Pain

I’ve had pain the past few months, and based on experience I know there won’t be a House-like moment where we discover the cause and I walk away happen. I’ve dealt with pain before.

I don’t “perform pain” well. When I am in pain I go to work, to school, talk to people, complete assignments, smile and laugh. A few days ago I disappointed my daughter by not taking her ice skating by staying in bed. When my mom told her I was sick, she said, “No she’s not.” I can hide my pain from anyone.

When I’m in pain, I’m sad. I’m sad that my body is malfunctioning, or perhaps functioning the way it was made. I’m sad that I can’t find the right combination of drugs/exercise/therapy/diet/prayer/holistic medicine to fix it. I’m also angry. Once I yelled at a doctor one day after months of visits and no cause found. A doctor at my college recorded his notes in front of me literally accusing me of lying I’m angry that once when I went to a pain doctor, he didn’t find anything wrong but offered to give me a steroid injection for $1000 up front at my next visit. I’m angry that every time I talk to a medical professional about my pain, they most often say it is normal.
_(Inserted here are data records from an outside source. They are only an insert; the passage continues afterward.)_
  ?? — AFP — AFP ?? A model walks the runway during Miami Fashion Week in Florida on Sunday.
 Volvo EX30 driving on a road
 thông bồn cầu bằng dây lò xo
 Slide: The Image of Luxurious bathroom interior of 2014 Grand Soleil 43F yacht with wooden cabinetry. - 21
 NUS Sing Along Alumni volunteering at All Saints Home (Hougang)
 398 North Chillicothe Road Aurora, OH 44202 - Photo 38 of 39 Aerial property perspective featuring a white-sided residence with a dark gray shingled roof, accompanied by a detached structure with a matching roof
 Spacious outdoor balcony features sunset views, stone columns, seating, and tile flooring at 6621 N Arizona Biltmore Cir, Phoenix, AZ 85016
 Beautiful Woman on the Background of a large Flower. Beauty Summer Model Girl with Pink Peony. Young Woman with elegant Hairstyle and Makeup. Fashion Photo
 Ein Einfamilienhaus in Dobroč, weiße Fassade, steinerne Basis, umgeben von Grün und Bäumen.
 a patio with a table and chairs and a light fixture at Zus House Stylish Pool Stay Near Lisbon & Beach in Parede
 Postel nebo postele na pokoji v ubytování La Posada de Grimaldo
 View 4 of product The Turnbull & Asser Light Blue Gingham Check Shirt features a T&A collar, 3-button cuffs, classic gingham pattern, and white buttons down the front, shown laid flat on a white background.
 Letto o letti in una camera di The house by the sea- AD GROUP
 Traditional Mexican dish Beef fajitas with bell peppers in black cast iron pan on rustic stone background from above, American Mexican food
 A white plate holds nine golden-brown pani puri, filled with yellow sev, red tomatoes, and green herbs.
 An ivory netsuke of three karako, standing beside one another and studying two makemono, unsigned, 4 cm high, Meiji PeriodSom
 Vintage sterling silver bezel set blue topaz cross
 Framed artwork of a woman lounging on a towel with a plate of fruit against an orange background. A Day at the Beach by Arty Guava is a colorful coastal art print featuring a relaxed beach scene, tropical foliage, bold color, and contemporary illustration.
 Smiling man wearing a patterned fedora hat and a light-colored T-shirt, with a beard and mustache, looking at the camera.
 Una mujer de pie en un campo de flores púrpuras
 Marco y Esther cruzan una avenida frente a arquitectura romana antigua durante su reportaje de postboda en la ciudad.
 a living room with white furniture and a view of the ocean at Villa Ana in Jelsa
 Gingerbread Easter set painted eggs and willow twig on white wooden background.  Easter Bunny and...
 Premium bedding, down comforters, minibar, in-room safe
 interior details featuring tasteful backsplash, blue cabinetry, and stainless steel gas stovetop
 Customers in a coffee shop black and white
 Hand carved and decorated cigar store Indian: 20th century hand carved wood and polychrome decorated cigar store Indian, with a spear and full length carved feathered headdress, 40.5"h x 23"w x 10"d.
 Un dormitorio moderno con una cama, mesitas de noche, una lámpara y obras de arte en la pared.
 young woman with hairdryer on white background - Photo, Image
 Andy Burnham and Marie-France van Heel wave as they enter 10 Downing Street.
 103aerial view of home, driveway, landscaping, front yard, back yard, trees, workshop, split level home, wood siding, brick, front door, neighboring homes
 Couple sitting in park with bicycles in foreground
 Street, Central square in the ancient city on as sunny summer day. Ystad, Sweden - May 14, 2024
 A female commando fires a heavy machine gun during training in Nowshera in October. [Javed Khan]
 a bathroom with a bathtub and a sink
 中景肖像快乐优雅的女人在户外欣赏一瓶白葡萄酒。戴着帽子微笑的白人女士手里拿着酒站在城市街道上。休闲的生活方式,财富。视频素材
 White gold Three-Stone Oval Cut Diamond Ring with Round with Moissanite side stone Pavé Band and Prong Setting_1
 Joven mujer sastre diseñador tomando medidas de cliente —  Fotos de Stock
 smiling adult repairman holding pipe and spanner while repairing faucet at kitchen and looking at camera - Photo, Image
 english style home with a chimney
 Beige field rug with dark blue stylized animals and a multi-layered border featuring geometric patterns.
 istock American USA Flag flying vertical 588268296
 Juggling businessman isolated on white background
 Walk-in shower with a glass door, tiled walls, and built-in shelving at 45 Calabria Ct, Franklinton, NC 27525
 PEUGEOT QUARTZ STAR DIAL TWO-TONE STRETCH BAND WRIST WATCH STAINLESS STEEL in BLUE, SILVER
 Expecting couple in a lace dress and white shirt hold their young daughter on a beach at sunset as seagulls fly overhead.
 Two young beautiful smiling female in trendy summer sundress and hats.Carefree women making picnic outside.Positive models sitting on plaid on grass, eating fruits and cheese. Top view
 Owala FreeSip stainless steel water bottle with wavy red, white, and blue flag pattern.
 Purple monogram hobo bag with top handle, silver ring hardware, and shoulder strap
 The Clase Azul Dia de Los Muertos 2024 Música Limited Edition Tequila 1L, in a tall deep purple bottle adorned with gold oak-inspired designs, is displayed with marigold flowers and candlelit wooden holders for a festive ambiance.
I don’t know how many hours of productivity my pain has taken away from me. When I’m in bed, my favorite place to experience pain, my mind is active. I make up stories that would sell millions if I wrote them down. I add plans to my to do list and read websites that are not about pain. I engage my daughter and tell her I’m not feeling well today. I get up when I find the motivation and continue living.